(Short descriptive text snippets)
=-=-=-=-=
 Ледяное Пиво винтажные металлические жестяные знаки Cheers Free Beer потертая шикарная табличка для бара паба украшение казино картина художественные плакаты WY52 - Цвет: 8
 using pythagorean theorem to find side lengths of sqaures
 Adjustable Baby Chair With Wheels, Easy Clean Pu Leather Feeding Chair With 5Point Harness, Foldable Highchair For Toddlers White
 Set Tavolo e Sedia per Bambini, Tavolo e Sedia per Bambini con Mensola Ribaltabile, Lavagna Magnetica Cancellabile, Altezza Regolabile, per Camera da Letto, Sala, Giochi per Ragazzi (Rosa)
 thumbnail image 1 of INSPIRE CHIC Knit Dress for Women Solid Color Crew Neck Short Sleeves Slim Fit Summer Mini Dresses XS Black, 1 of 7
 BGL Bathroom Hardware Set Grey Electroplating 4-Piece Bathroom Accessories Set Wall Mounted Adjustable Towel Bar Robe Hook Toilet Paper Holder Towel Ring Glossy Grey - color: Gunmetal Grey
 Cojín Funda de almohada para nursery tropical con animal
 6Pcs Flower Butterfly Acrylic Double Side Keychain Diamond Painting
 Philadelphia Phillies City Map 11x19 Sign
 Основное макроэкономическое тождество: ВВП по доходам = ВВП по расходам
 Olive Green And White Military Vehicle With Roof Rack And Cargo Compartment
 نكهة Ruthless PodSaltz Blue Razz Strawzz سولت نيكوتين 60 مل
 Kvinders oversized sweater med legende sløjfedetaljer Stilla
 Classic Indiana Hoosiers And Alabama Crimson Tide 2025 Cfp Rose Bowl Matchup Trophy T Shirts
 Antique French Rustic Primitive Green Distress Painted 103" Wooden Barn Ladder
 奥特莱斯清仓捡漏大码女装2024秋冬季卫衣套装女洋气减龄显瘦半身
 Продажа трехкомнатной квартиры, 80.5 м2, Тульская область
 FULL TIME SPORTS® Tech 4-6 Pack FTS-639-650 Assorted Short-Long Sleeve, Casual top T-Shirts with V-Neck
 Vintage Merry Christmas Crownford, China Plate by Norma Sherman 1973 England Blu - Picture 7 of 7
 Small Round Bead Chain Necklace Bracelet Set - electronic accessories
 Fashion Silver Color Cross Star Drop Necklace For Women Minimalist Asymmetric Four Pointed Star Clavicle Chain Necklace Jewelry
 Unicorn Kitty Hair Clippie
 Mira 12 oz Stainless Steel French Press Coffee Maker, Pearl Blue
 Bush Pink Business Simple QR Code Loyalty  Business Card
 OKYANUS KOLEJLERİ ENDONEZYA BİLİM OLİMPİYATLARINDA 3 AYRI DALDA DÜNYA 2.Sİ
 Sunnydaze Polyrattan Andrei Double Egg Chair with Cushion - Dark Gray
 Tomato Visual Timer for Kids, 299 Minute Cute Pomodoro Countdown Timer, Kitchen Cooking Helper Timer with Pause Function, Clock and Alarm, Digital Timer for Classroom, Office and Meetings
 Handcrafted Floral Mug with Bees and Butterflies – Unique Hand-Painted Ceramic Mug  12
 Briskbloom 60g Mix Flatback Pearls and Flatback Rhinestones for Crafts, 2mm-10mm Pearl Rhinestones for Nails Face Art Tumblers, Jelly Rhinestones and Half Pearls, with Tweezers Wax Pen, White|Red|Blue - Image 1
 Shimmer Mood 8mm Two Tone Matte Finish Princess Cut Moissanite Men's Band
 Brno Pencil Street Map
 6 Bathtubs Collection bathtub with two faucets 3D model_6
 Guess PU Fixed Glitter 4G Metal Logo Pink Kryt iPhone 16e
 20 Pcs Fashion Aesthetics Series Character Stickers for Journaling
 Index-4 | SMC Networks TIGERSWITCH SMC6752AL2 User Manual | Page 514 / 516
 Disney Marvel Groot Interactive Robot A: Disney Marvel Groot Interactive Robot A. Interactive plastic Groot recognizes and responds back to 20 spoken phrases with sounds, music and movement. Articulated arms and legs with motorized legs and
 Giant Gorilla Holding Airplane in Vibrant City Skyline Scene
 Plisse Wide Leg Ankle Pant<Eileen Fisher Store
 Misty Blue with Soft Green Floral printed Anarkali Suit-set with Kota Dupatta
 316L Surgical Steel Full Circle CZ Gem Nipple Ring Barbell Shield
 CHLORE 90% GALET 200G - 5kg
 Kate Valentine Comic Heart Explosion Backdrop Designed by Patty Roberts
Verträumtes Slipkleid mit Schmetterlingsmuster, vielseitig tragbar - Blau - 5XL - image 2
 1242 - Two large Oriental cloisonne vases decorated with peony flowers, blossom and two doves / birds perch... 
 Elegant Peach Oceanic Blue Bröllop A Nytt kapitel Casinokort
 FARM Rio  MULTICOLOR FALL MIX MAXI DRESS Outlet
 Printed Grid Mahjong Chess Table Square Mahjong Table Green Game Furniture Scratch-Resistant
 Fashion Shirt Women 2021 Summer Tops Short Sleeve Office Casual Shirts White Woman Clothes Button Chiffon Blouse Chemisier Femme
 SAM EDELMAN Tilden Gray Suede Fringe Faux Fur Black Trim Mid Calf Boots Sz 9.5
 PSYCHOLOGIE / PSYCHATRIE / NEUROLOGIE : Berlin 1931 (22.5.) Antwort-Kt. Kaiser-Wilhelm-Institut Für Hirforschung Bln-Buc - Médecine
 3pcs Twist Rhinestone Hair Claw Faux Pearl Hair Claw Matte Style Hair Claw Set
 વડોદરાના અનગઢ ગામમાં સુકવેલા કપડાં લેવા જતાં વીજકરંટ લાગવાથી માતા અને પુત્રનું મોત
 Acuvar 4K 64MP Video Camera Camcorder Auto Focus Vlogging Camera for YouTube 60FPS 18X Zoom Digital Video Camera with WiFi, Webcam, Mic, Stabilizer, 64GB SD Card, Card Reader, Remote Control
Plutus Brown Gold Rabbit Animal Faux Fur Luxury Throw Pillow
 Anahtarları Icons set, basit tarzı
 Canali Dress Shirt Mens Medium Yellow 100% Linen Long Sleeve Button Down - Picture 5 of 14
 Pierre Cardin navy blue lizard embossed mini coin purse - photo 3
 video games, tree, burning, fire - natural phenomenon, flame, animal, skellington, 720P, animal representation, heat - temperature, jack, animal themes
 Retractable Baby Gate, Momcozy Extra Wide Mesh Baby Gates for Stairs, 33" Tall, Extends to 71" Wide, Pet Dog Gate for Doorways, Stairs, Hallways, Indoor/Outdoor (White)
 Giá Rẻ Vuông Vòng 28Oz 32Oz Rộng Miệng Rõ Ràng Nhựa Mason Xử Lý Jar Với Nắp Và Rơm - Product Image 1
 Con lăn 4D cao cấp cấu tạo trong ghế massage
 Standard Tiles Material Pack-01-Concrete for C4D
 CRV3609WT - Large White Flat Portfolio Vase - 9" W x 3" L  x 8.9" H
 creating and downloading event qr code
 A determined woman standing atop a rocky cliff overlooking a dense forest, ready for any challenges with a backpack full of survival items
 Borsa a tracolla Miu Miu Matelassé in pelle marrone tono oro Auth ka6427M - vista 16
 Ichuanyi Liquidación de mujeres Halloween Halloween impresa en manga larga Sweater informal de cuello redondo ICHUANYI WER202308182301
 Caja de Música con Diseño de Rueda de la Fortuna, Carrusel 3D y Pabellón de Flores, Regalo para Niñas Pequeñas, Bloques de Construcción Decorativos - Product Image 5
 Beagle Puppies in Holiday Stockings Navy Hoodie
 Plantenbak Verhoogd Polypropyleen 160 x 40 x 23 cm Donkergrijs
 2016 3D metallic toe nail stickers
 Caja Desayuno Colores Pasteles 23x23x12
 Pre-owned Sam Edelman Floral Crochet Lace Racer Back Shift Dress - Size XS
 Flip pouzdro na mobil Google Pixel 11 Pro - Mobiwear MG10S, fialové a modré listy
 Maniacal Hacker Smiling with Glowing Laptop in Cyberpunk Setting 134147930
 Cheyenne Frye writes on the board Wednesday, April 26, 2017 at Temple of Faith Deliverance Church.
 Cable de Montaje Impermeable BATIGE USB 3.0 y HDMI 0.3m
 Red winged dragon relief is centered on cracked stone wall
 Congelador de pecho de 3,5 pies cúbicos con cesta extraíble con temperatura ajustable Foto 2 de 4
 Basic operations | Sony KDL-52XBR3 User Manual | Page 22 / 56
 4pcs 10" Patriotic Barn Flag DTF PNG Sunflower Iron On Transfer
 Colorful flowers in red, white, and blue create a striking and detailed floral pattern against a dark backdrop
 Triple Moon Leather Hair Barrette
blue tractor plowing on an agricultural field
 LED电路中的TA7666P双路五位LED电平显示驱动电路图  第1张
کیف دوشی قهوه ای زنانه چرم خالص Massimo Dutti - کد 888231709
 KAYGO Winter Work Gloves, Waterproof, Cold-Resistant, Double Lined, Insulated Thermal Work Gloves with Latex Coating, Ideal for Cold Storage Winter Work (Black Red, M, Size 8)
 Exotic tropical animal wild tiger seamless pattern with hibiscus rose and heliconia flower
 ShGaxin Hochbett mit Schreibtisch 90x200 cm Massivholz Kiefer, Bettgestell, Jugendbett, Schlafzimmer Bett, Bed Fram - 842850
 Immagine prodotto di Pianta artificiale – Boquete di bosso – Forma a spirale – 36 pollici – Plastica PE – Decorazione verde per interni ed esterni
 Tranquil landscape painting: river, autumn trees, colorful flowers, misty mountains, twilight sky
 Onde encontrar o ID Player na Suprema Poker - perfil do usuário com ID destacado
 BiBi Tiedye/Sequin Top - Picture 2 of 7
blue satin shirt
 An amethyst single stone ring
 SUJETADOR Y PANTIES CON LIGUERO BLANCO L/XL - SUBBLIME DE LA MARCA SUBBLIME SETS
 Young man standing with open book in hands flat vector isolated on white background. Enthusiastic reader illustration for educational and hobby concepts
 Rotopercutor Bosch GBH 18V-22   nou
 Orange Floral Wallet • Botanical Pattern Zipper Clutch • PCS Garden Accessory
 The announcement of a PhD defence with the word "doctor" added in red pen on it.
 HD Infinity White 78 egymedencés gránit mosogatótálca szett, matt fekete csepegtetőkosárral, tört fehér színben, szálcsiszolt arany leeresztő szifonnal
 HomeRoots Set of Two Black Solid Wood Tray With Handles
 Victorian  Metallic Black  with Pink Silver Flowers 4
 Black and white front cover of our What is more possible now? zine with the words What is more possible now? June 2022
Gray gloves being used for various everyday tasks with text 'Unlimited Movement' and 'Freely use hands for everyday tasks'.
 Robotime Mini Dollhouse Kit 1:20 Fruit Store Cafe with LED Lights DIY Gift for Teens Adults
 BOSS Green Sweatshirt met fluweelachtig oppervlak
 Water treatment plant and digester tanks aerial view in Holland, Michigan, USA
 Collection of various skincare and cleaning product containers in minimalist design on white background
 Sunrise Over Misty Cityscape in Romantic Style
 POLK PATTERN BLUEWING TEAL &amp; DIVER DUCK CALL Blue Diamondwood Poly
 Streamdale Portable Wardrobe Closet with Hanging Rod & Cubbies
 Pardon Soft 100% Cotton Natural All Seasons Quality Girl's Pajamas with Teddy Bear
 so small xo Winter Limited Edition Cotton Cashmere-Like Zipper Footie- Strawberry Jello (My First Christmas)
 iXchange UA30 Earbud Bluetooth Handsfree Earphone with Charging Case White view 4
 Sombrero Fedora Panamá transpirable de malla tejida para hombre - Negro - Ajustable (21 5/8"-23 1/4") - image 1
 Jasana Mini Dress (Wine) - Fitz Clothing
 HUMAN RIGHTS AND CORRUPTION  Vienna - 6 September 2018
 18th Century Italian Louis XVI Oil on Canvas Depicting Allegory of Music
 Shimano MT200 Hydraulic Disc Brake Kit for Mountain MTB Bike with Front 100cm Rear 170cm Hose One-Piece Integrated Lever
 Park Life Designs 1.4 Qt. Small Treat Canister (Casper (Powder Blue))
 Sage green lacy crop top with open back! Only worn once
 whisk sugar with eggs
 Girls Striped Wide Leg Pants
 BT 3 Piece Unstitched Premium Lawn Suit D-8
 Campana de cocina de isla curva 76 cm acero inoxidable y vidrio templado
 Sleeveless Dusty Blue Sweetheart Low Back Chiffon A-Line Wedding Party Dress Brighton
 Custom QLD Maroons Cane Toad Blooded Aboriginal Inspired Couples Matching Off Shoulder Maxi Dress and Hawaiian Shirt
=-=-=-=-=
What is expected:
Leave out every line above except those from the line with "Kvinders oversized sweater" up to and including the line with "FULL TIME SPORTS®", and copy those exactly.

Answer below:
 Kvinders oversized sweater med legende sløjfedetaljer Stilla
 Classic Indiana Hoosiers And Alabama Crimson Tide 2025 Cfp Rose Bowl Matchup Trophy T Shirts
 Antique French Rustic Primitive Green Distress Painted 103" Wooden Barn Ladder
 奥特莱斯清仓捡漏大码女装2024秋冬季卫衣套装女洋气减龄显瘦半身
 Продажа трехкомнатной квартиры, 80.5 м2, Тульская область
 FULL TIME SPORTS® Tech 4-6 Pack FTS-639-650 Assorted Short-Long Sleeve, Casual top T-Shirts with V-Neck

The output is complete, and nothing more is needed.